Die Praxis der Rechtsprechung macht uns Sorgen", gestand jetzt Rolf Pagnia, Geschäftsführer von NUR, dem zweitgrößten deutschen Reiseunternehmen. Gerade die Karstadt-Tochter war in jüngster Zeit mehrfach von Gerichtsentscheidungen betroffen, die unter ihren Konkurrenten keineswegs Schadenfreude, sondern besorgte Teilnahme erregten. So erhielten beispielsweise Kunden Recht und Entschädigungen, die ihre Urlaubsflüge kurzfristig wegen Terroristendrohungen absagten oder die mit ihren Ersatzquartieren nicht zufrieden waren, nachdem eine Naturkatastrophe ihr gebuchtes Hotel unter Wasser gesetzt hatte.

Es sind nicht diese leicht zu verkraftenden Einzelfälle, die Pagnia und seinen Branchenkollegen Sorgen bereiten. Sie fürchten vielmehr die Signalwirkung solcher Rechtsprechung, die eine Vielzahl von Kunden dazu veranlassen könnte zu versuchen, per Gang zum Kadi die Urlaubskosten nachträglich zu mindern. "Wie sollen wir kalkulieren angesichts solch unsicherer Rechtslage, selbst bei Risiken, auf die wir beim besten Willen keinen Einfluß haben?" fragen die Veranstalter. Da ist es bis zur Drohung erhöhter Preise als quasi firmeneigener Rechtschutzversicherung nicht mehr weit.

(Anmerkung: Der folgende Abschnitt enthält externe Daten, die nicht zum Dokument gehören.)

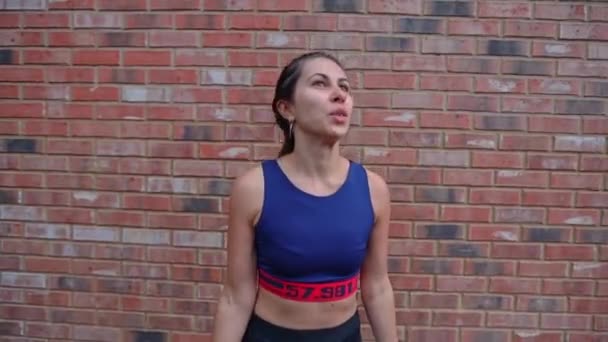 Entraînement Athlète Féminine Caucasienne Avec Haltères Renforcement Forme Musculaire Dans — Video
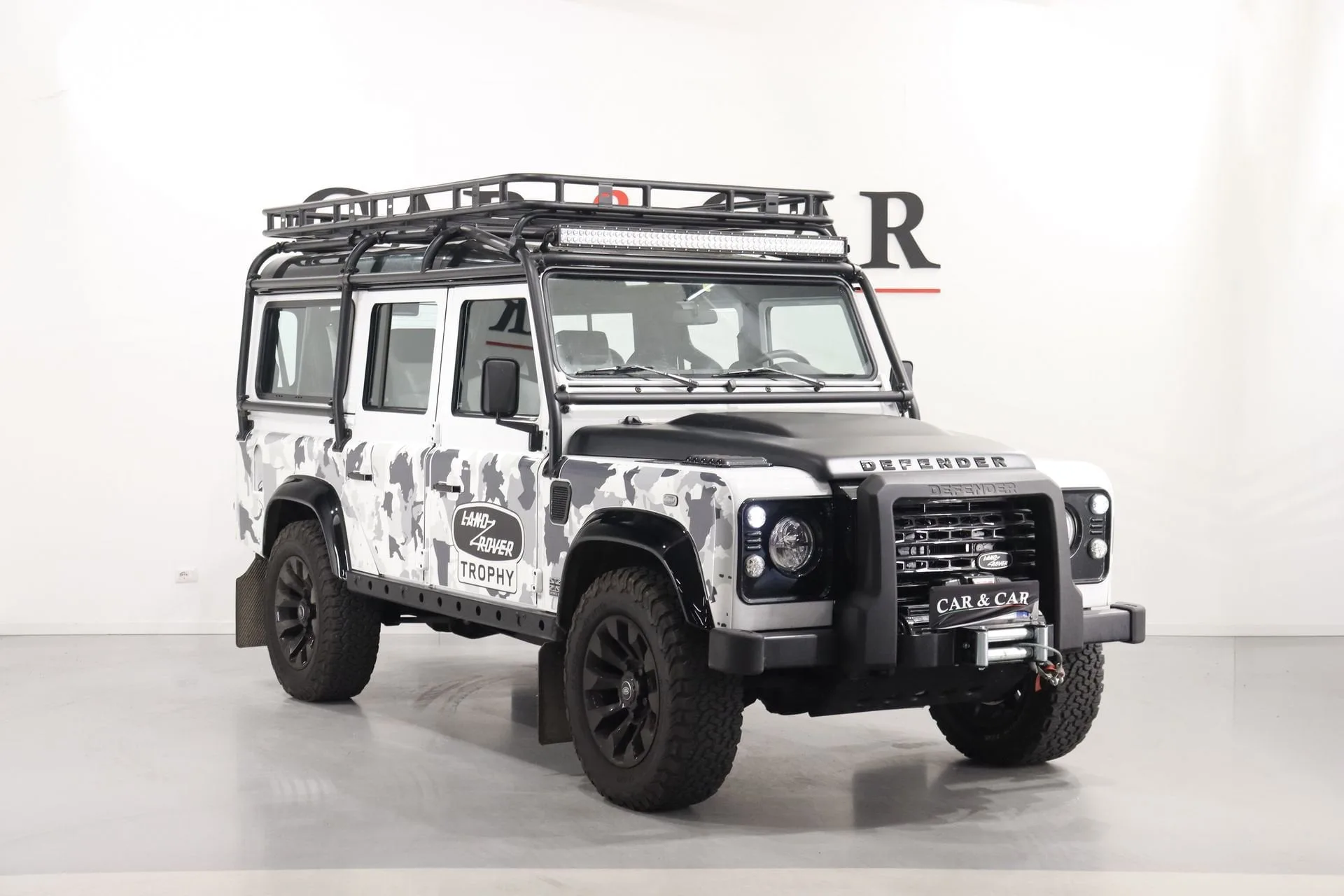2015 Land Rover Defender Works V8 Trophy II angeboten von einem Supersportwagenhändler in Zibido San Giacomo, Italien, Hauptfoto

So berechtigt die Beschwerden der Reiseunternehmen im Detail sind, so sehr die Neigung der Kunden wächst, angesichts einer deutlich konsumentenfreundlicheren Justiz fröhlich ums Ferienglück zu klagen – man muß sich aber auch daran erinnern, daß die Ferienveranstalter ein gerüttelt Maß an Schuld für diese Situation tragen: In den nur wenige Jahre zurückliegenden Goldgräbertagen des organisierten Tourismus haben viele in dieser Branche mit Münchhausen-Prospekten Reisenden Ferienparadiese vorgegaukelt, die nur auf Hochglanzpapier bestanden.

Den Weg in die heute meist soliden Pauschalangebote pflastern Urteile zugunsten der Kunden. Fairneß und Kulanz vieler Reisefirmen entstammen nicht nur selbstloser Einsicht; dazu brauchte es auch viel Zeit. Daß nun die Justiz Zeit benötigt für das neue, selten beweissichere Feld, sollte ihr zugestanden werden.

Im Interesse der Reisenden ist der gegenwärtige Trend in der Rechtsprechung zweifelsohne zu begrüßen. Das heißt aber nicht, daß Urteile, die den professionellen Ferienmachern sogar die Verantwortung für "höhere Gewalten" nicht abnehmen wollen, im Sinne der Konsumenten sein können. Solche Richtersprüche schaffen leicht eine Rechtsunsicherheit, welche die Verträge zwischen Tourist und Reiseverkäufer zu einem schwankenden Grund machen. Höchstrichterliche Entscheidungen in strittigen Reisefragen sind deshalb überaus wünschenswert.